7. In this connection, we refer to the decision of the Tribunal in the case of Ernst & Young Pvt. Ltd. Vs. Commissioner of Service Tax, New Delhi : 2012 (27) STR 461 (Tri. Del.). The Tribunal examining a similar dispute observed as follows:-
14. We have considered arguments on both the sides. We find that the decisions of the Tribunal in the case of Futura Polyesters Ltd. (supra) quoted above is clearly to the effect that most of the impugned activities could not fall under the definition of Management Consultancy Service. We are of the view that though compliance with laws is part of the responsibilities of management such responsibility per se cannot bring it into the ambit of the words in connection with the management of any organisation used in Section 65(105)(r) and Section 65(65) of Finance Act, 1994 to tax such services. In this matter we see merit in the clarification given by CBEC in para 9 of its circular dated 27-6-2001. The decision of the Apex Court in the case of Parle Exports (P) Ltd. (supra) gives the rule that a taxing entry should be understood in the same way in which these are understood in the ordinary parlance. According to CBEC the ordinary meaning of management will not cover Compliance Services.
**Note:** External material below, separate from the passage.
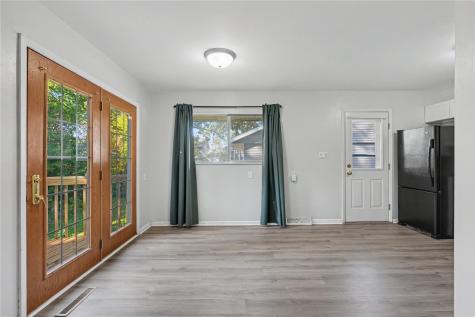 1010 Pawnee Drive NW Cedar Rapids IA 52405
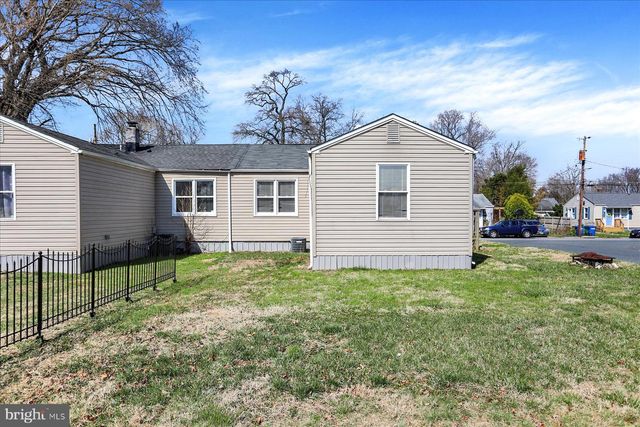 70 SWAN ST, Aberdeen, MD 21001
According to the adjudicating authority ordinary meaning of management covers Compliance Services. We concur with the view of CBEC and reject the view of the adjudicating authority, since in our view every responsibility of management cannot be considered as management function. For example the management may have a responsibility to set up a canteen in a factory employing large number of workers. A person who gives advice on initial setting up of that canteen cannot be considered to be giving Management Consultancy Service. Out of the various impugned services, the services in the matters before FIPB there could be a doubt as to whether the service was in connection with management function or in connection with compliance of regulations. Since there is no such examination in the impugned order and since we find the demand to be time barred we are not dealing with this issue in detail.
8. In view of the above discussion and analysis, we find no merit in the impugned order. Accordingly, the same is set aside and the appeal is allowed with consequential relief if any.